→ **WORK TO COMPLETE**
Restrict the output to the lines below starting at the one that contains "ESPECTACULAR LOCAL EN" and ending at the one that contains "Used Volkswagen T-Roc", and restate them word for word, both ends included.

** INPUT follows **

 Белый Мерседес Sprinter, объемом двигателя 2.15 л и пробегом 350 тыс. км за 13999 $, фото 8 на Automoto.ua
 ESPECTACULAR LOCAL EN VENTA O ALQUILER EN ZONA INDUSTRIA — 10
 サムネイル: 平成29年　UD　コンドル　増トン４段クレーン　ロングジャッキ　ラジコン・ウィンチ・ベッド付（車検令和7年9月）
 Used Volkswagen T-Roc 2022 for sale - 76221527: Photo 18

** End of INPUT **
** INPUT follows **

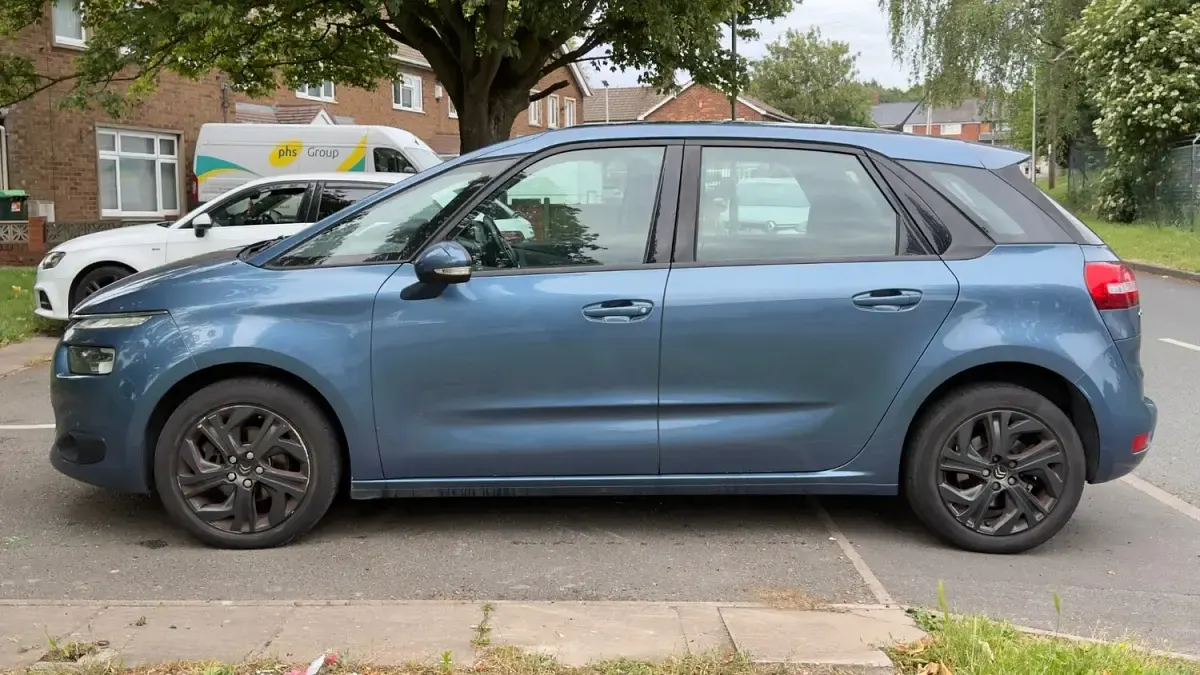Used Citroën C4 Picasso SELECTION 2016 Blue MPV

** End of INPUT **

→ **EXPECTED ANSWER**
 ESPECTACULAR LOCAL EN VENTA O ALQUILER EN ZONA INDUSTRIA — 10
 サムネイル: 平成29年　UD　コンドル　増トン４段クレーン　ロングジャッキ　ラジコン・ウィンチ・ベッド付（車検令和7年9月）
 Used Volkswagen T-Roc 2022 for sale - 76221527: Photo 18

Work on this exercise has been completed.